The smallest of banks might get a pass when it comes to Consumer Financial Protection Bureau enforcement, the CFPB’s director told a House oversight committee during a hearing this week, referencing an earlier conversation with the Independent Community Bankers of America.
That conversation, which took place via conference call and is outlined on ICBA’s website, reports that Cordray “emphasized that the bureau is focused on leveling the playing field with nonbank providers, such as mortgage brokers and payday lenders, so responsible businesses, such as community banks, can thrive and prosper.”
A question-and-answer session during the call revealed a possible two-tiered plan for the CFPB’s enforcement of banks, with respect to size or market share.

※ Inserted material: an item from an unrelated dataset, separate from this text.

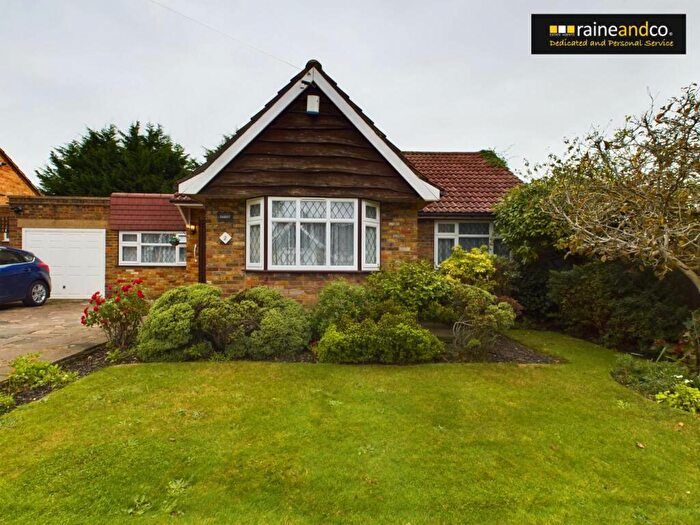 2 Bedroom Detached Bungalow For Sale In Fairview, Potters Bar, EN6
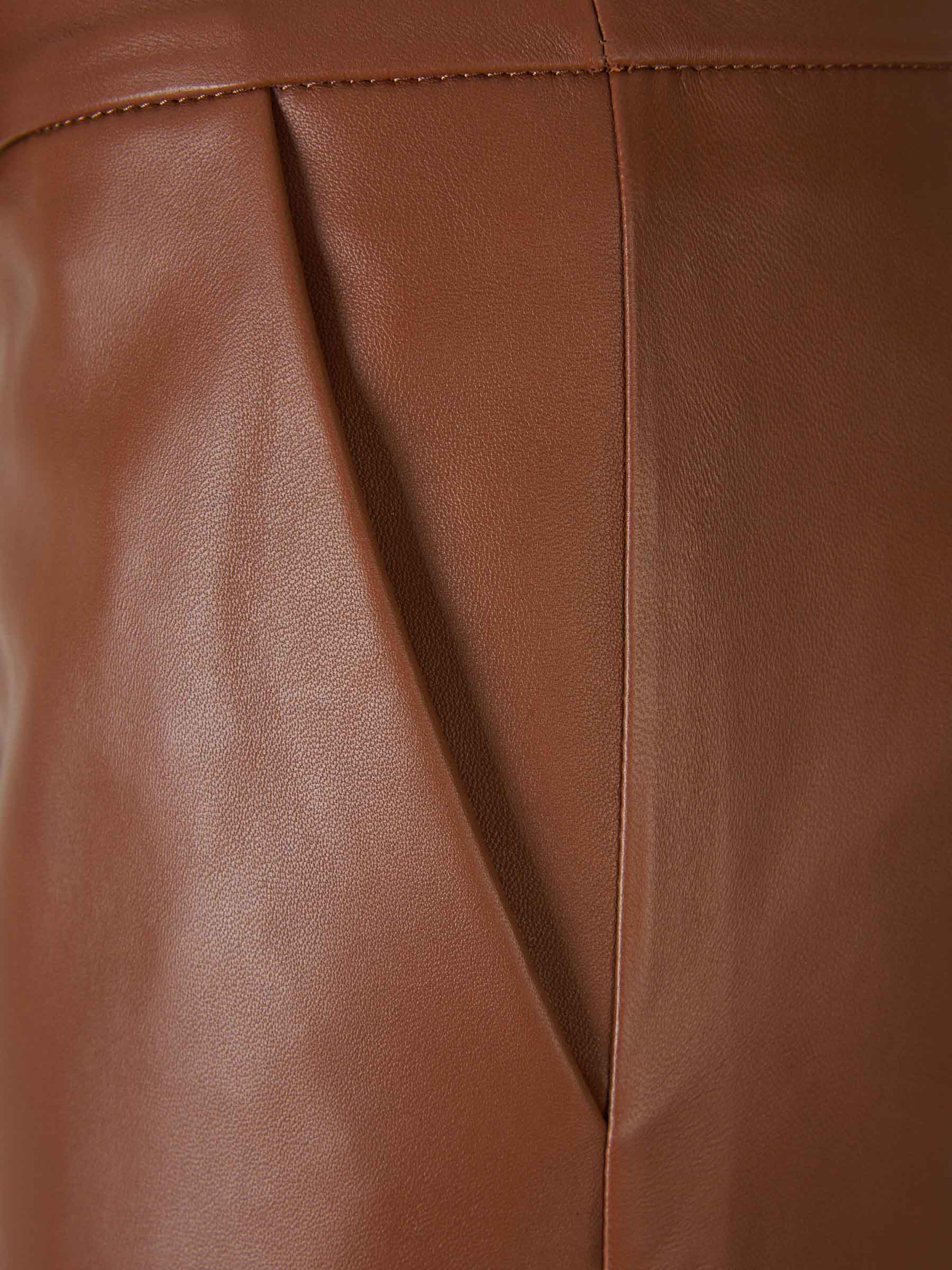 Outlet online Dorothee Schumacher Mujer Pantalones Piel Acampanados color Marrón sku 761-003494 01 - Foto 3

“Cordray recognized that community banks have a different business model that emphasizes customer service in the community and that community banks were therefore not responsible for the problems that led to the financial crisis,” ICBA reported. “Cordray also said the bureau will be considering two-tiered regulatory requirements and exemption thresholds as it writes regulations so that community banks will be able to conduct their business without overly burdensome regulatory requirements.”
The hearing this week marked Cordray’s first public appearance before House members since his January 4 recess appointment by President Obama. Many have speculated that the CFPB could be open to potential scrutiny and lawsuits following the controversial means by which Cordray came into the director seat.